Bhaktirasasagara
Bhaktirasasagara

@Bhaktirassagar

4 Tweets 3 reads Dec 28, 2022
@holatombola I think they list it that way because it's given in Hemachandra's Deśīnāmamālā alongside six meanings (wonder, marriage, mustard seed, smeared, oily, and oil bottle), see 5.22 below.
@holatombola It may be a loan from Kannada, but why do you say it's not possible to derive from tṛpraḥ? Isn't it possible to derive if we assume it falls in ṛtvādi group? @prakrit_hitaay
tṛpraḥ
→ tupraḥ (ud ṛtvādiṣu)
→ tuppaḥ (śeṣādeśayor dvitvam anādau)
→ tuppo (ata ot soḥ)
@holatombola @prakrit_hitaay I think that the problem is that tṛpra isn't used very often in literature, if at all, to mean clarified butter.
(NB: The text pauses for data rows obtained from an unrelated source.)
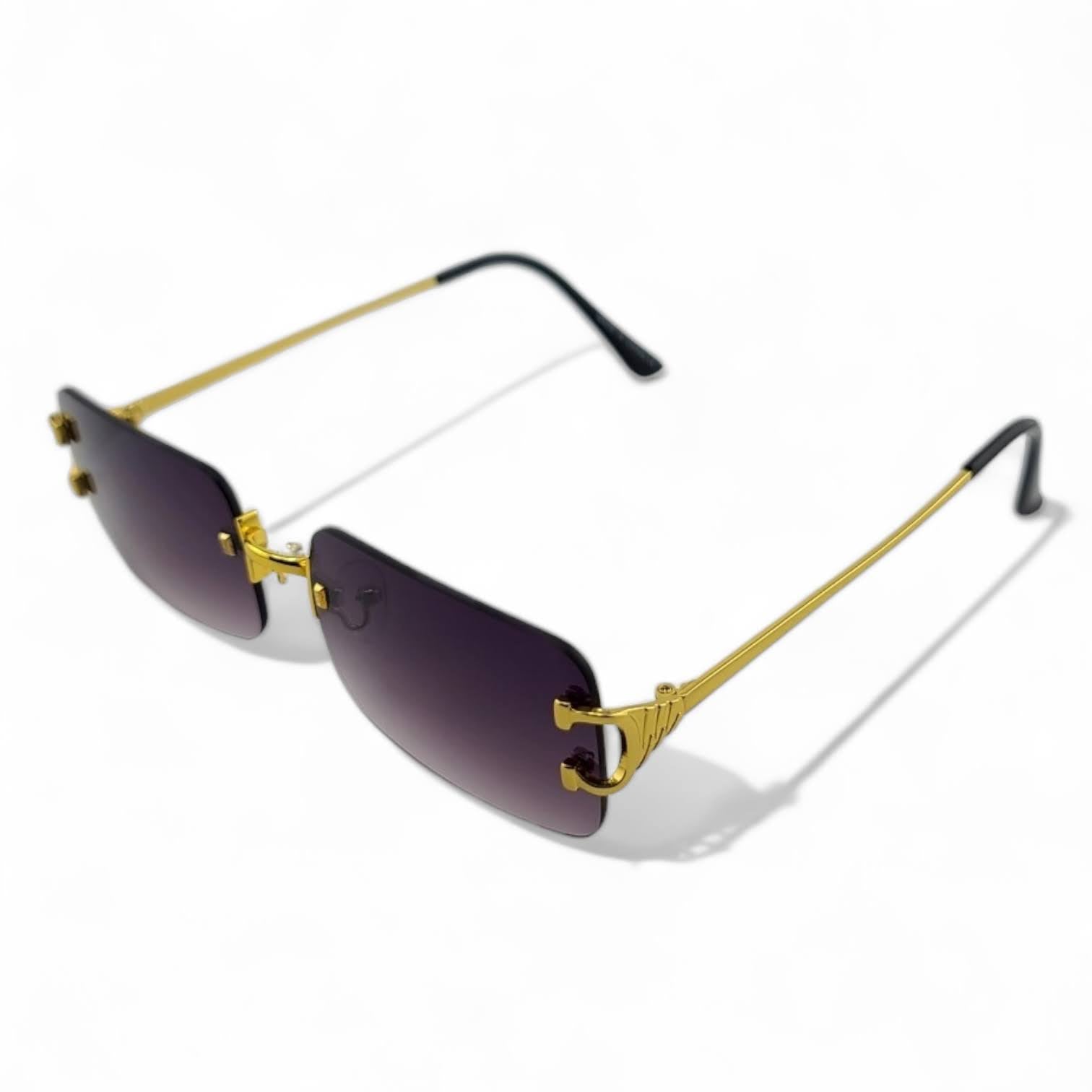 Unisex Square Lens Sunglasses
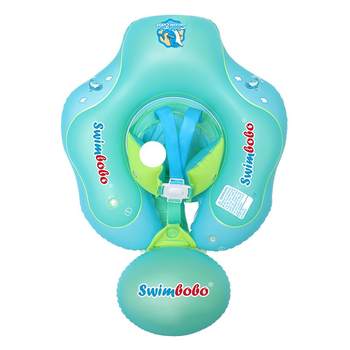 Baby lying circle Children's swimming ring inflatable swimming ring
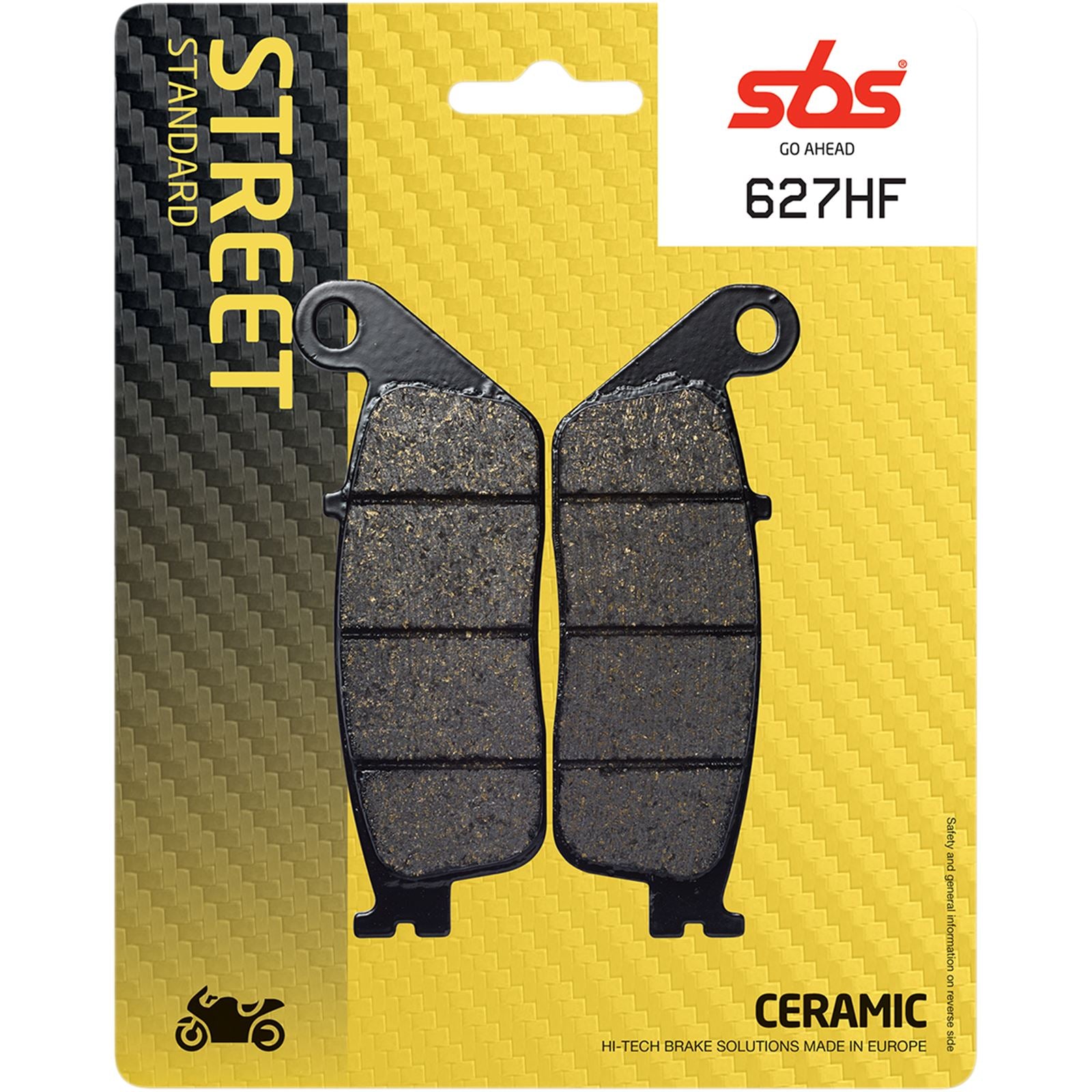 SBS HF Brake Pads [MPN: 627HF]_470787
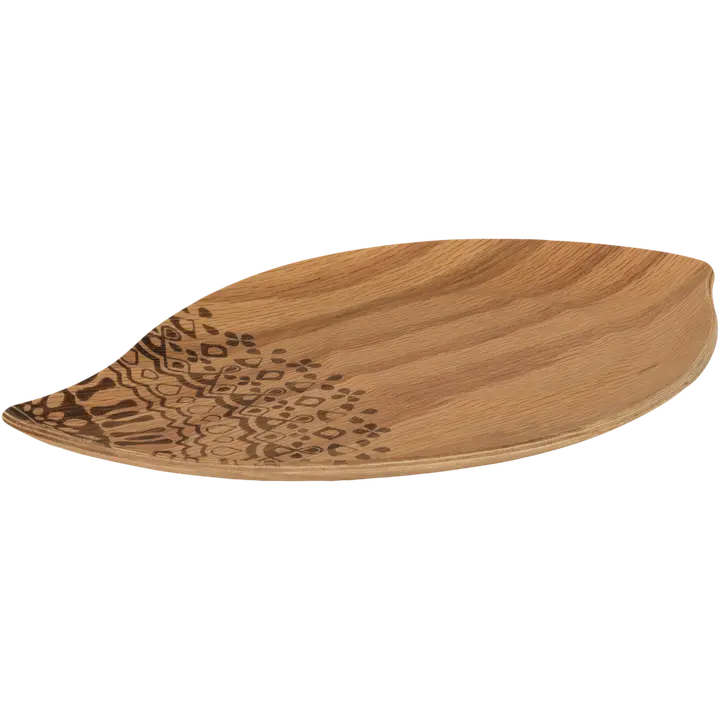 House tarjotin lehti 20 x 13,5 cm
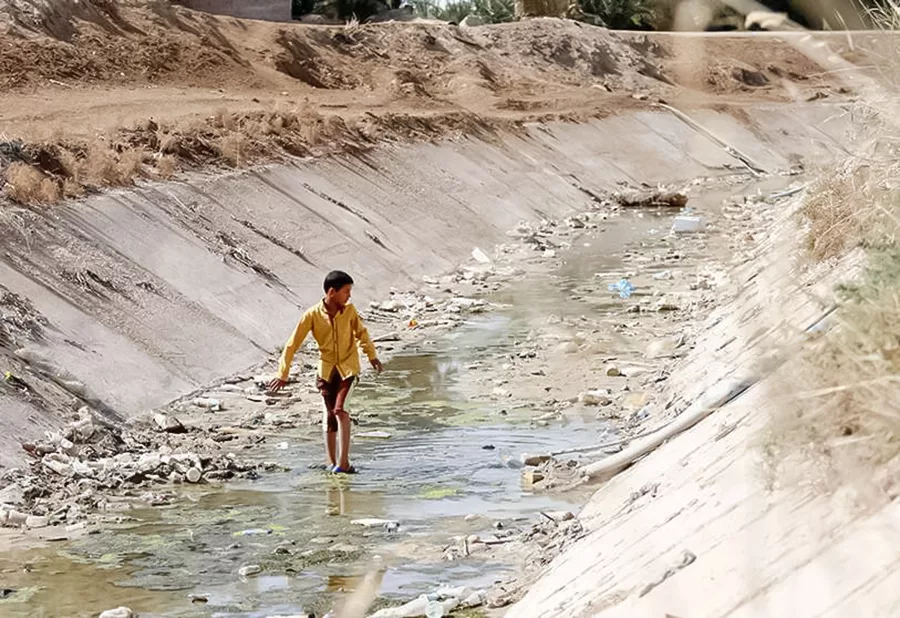 خشکسالی بحرانی در غرب ایران و میانرودان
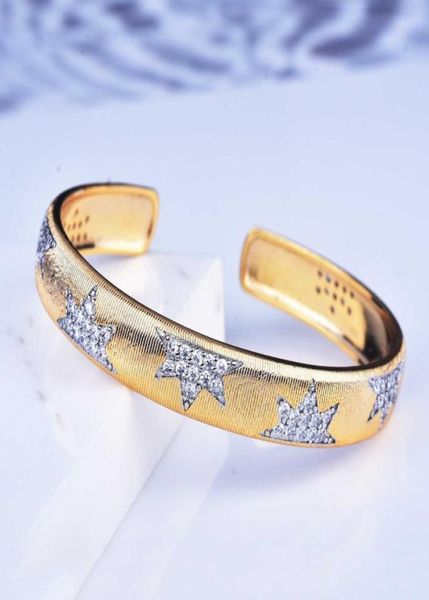 bangle fashion cz micro pave open cubic zirconia gold color wire gift for women3853475, Black
bangle fashion cz micro pave open cubic zirconia gold color wire gift for women3853475, Black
The UṇSū. 2.13 does lists "tṛpi" as one of the roots that take the ending "rak," but the commentaries give the meaning of Vedic rice-cake. See below:
@holatombola @prakrit_hitaay So the "clarified butter" sense that's given in later lexicons it may simply be a back-formation, if that makes sense.